• [TASK DESCRIPTION] Could you repeat every line below exactly, skipping the images?

• [SUPPLIED DATA]
- - - -
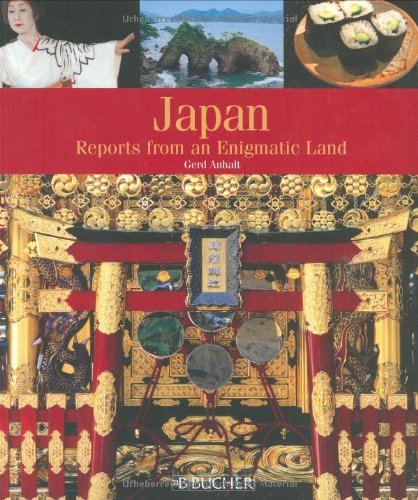 Stock image for Japan: Reports from an Enigmatic Land for sale by WorldofBooks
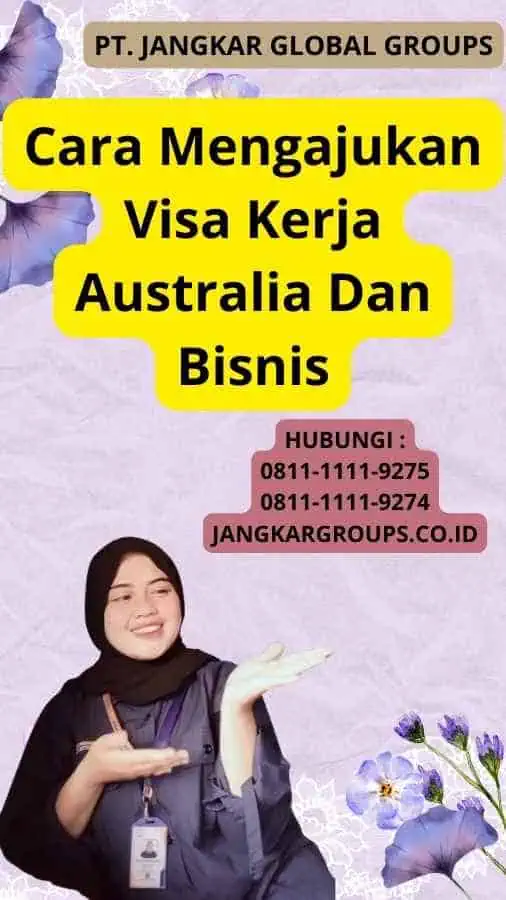 Cara Mengajukan Visa Kerja Australia Dan Bisnis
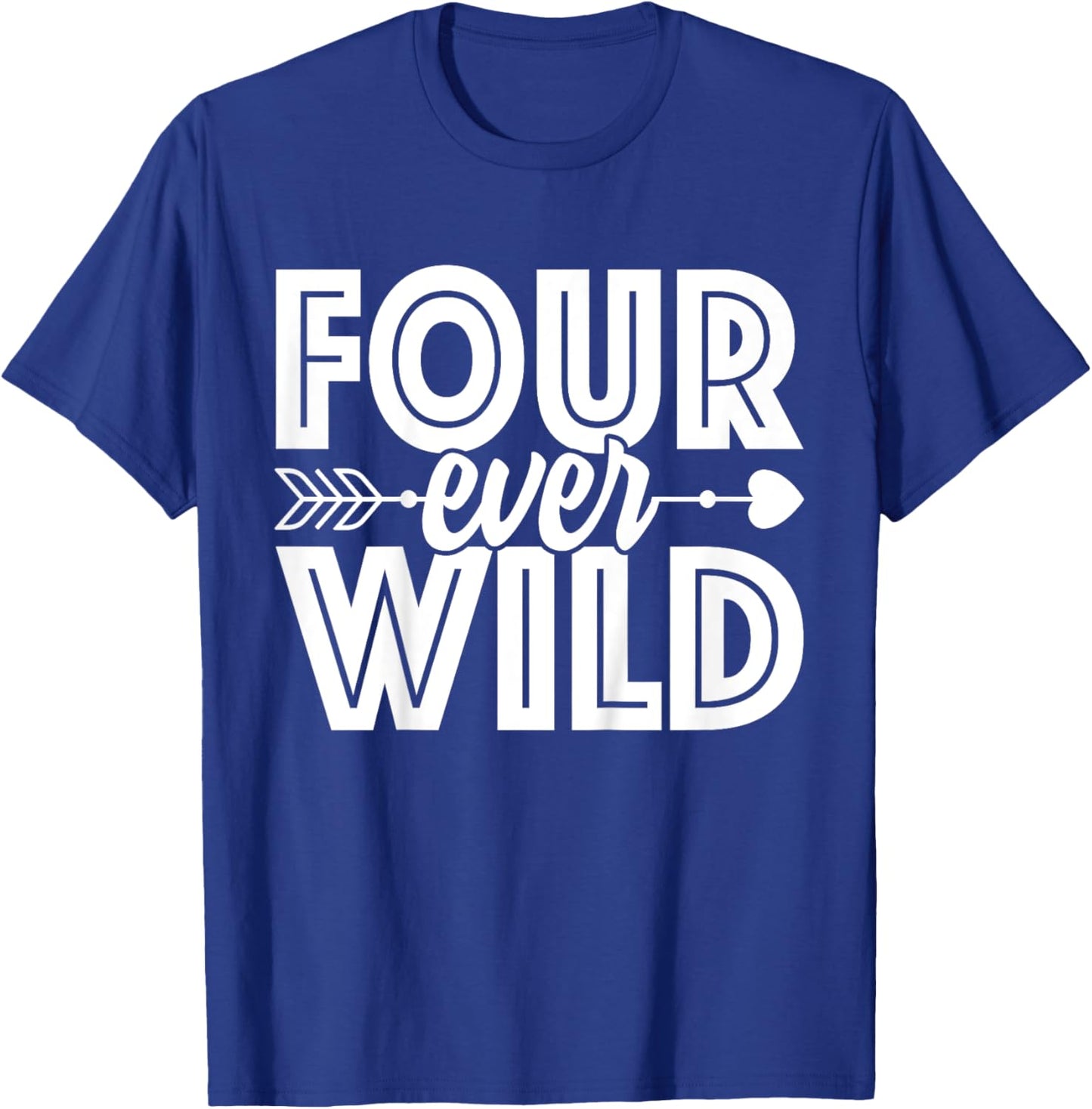 Four Ever Wild 4th Birthday 4 Year Old Birthday Zoo Safari T-Shirt - T-Shirt | Royal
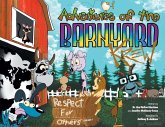 Adventures of the Barnyard Krew: Respect for Others: Volume 1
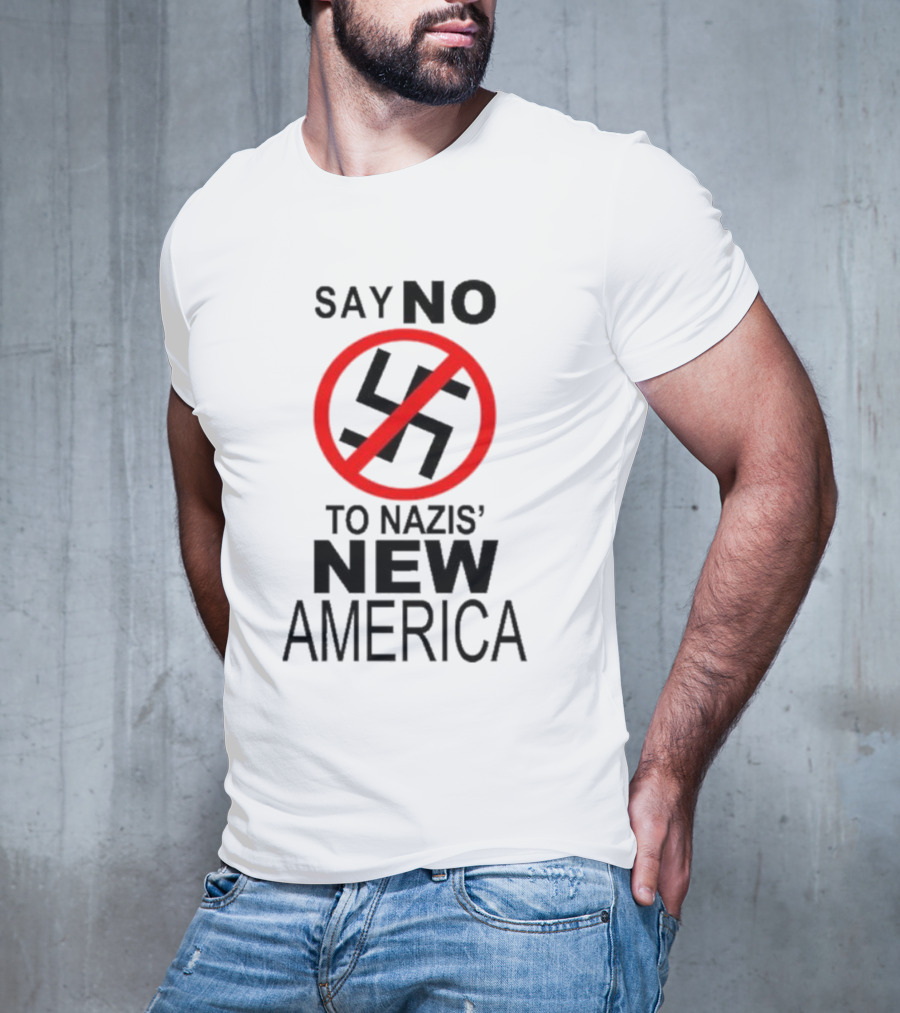 Say No To Nazis' New America T-Shirt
- - - -
• [RESPONSE TO THIS TASK]
 Stock image for Japan: Reports from an Enigmatic Land for sale by WorldofBooks
 Cara Mengajukan Visa Kerja Australia Dan Bisnis
 Four Ever Wild 4th Birthday 4 Year Old Birthday Zoo Safari T-Shirt - T-Shirt | Royal
 Adventures of the Barnyard Krew: Respect for Others: Volume 1
 Say No To Nazis' New America T-Shirt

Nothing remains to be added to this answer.